Automobile enthusiasts around the world know brands like Studebaker, Plymouth and Packard, but you’d be hard-pressed to find any of these on the roads today. Former powerhouses in the American auto market – they have since become beloved by collectors, but lost to the general public.
Today’s infographic comes from TitleMax and it looks at 14 now-defunct car brands and the circumstances that took them from highways to bygones.
These are only a selection of a much longer list of car brands that have not survived to see the present day. What accounts for the churn rate of these brands?
Bold Experiments, Boondoggles, and Burnouts
Some car brands, like Tucker and Saturn, introduced new ideas that the market simply didn’t care for, didn’t perform as well as the competition, or were too ambitious for the industry climate.

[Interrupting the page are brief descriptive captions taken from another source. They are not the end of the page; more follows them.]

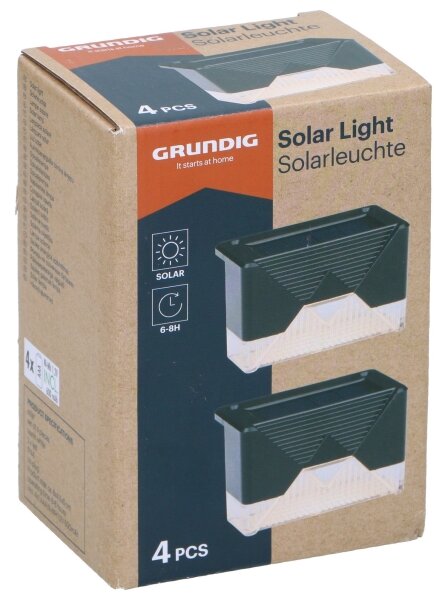 Grundig - Комплект 4x LED соларни стенни лампи LED/1,2V 600 mAh IP44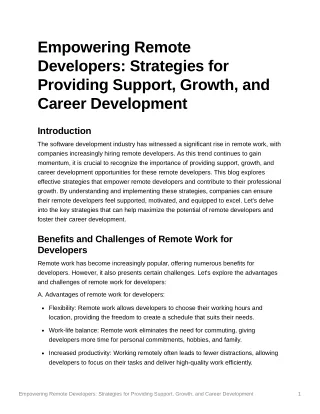 Empowering Remote Developers: Strategies for Providing Support, Growth, and Care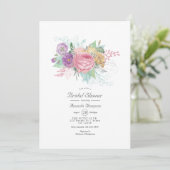 Invitation Fête des mariées de printemps florale rustique (Debout devant)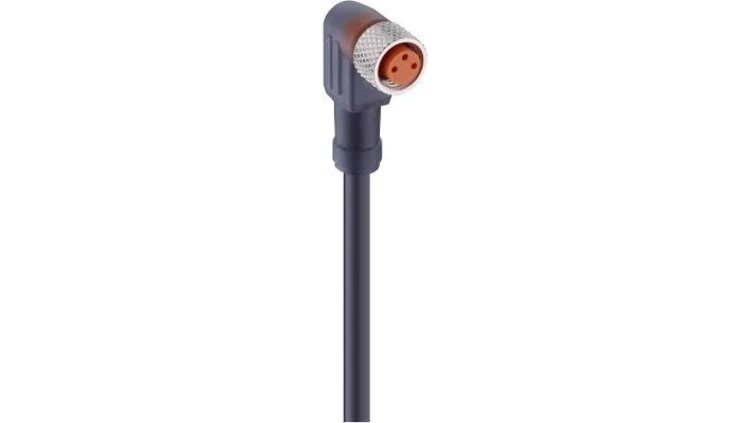 Kabel konfekcjonowany M8 jednostronnie zakończony 4-pinowy złącze żeńskie kątowe samoblokujące gwintowane PVC RKMWV 4-07/10 M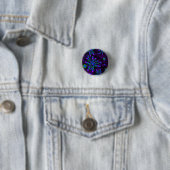 Badge Rond 2,50 Cm Fleurs Abstraites (En situation)
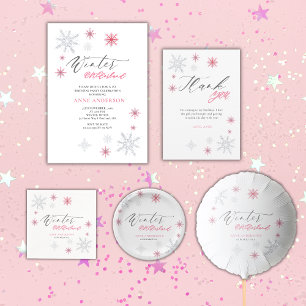Cartão De Agradecimento Festa de Aniversário de 1 Ano com Flocos de Neve B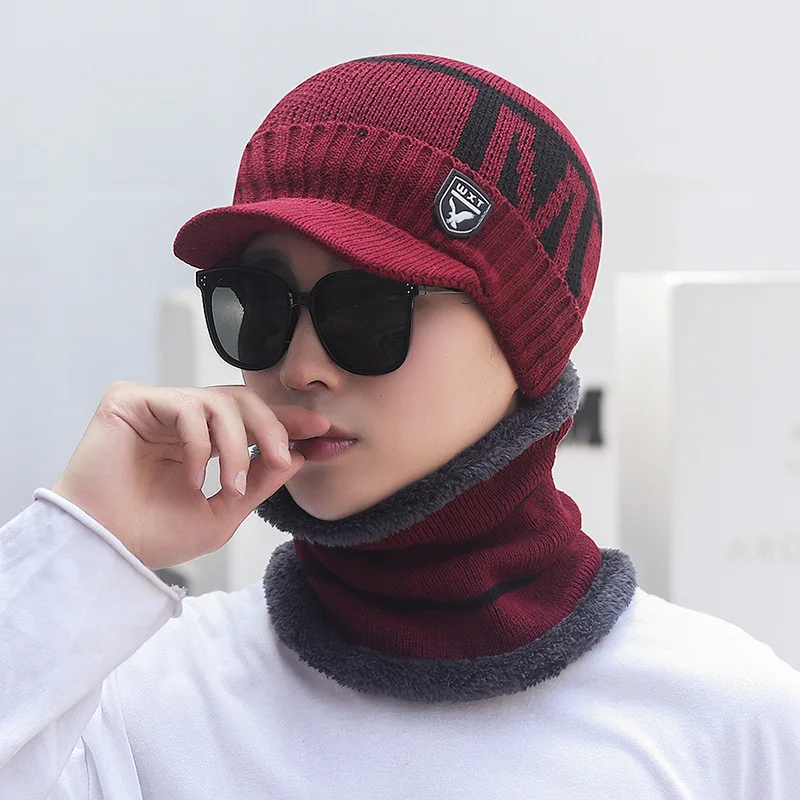 2023 New Fashion Mens Winter Hats and Scarves Beanie Knit Scarf Hat Set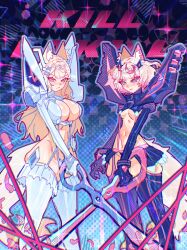 Rule 34 | animal ears, black thighhighs, blonde hair, blue eyes, blue hair, breasts, commentary, cosplay, dog ears, dog girl, dog tail, english commentary, fuwawa abyssgard, highres, hololive, hololive english, junketsu, kill la kill, kiryuuin satsuki, kiryuuin satsuki (cosplay), large breasts, long hair, matoi ryuuko, matoi ryuuko (cosplay), medium hair, mococo abyssgard, multicolored hair, navel, pink eyes, pink hair, scissor blade (kill la kill), senketsu, siblings, sisters, small breasts, tail, thighhighs, tuiffff, twins, virtual youtuber, white thighhighs
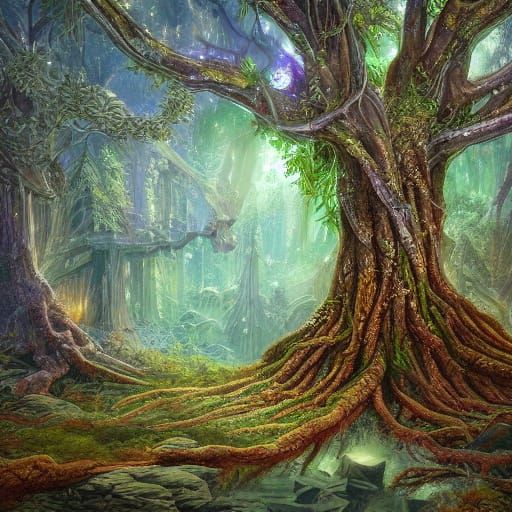 Ancient Bioluminescent Tree in Crystal Glade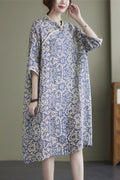 Plus Size Blue Print Cheongsam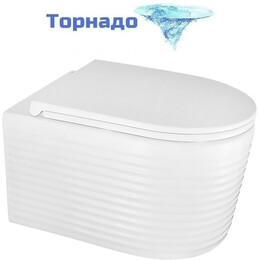 Унитаз подвесной безободковый Azario Luzio AZ-098-UQ (система смыва Торнадо) с тонкой крышкой микролифт - фото 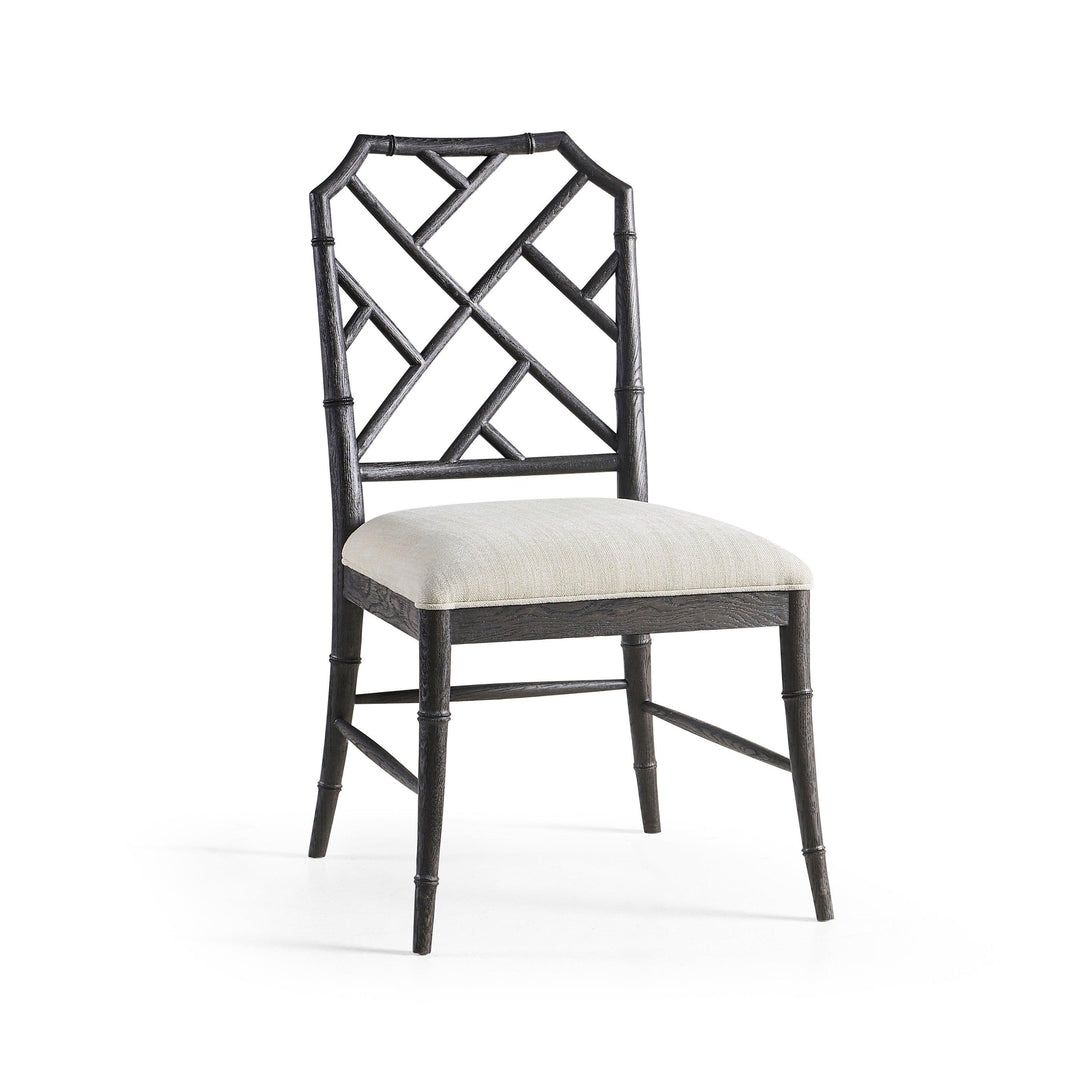 SwayLiving Timeless Saros Chippendale Bamboo Side Chair in Ebonized Black - Set Of 2 DINING CHAIRS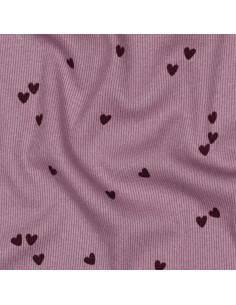 Tessuto jersey di cotone a maglia a coste - Cuori malva 2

Others, like Edsel and DeLorean, met swift ends as they hemorrhaged money far faster than their owners anticipated. Even more brands were simply folded into the ever-expanding portfolios of either Ford or General Motors, the two biggest auto conglomerates ever to rule the roads.
Bad Timing, or Worse Economy?
Car sales rise and fall with broader economic trends because they are tied into so many different variables: raw materials, production costs, labor costs, oil prices, and interest rates among others.
We can look at two time periods in which the combination of these conditions caused many of the brands on this list to fail.
Post-war Doldrums (1950-1958)
Based on the timeline above, we can see that 1950s were a terrible time for the smaller players in the auto industry. The explanation as to why so many brands declined over this decade has to do with the highly competitive, oligopolistic business practices of market leaders Ford and General Motors. Both of these market titans were locked in a battle to lower prices by taking advantage of economies of scale, while wooing customers who were feeling the economic pressures of a postwar recession.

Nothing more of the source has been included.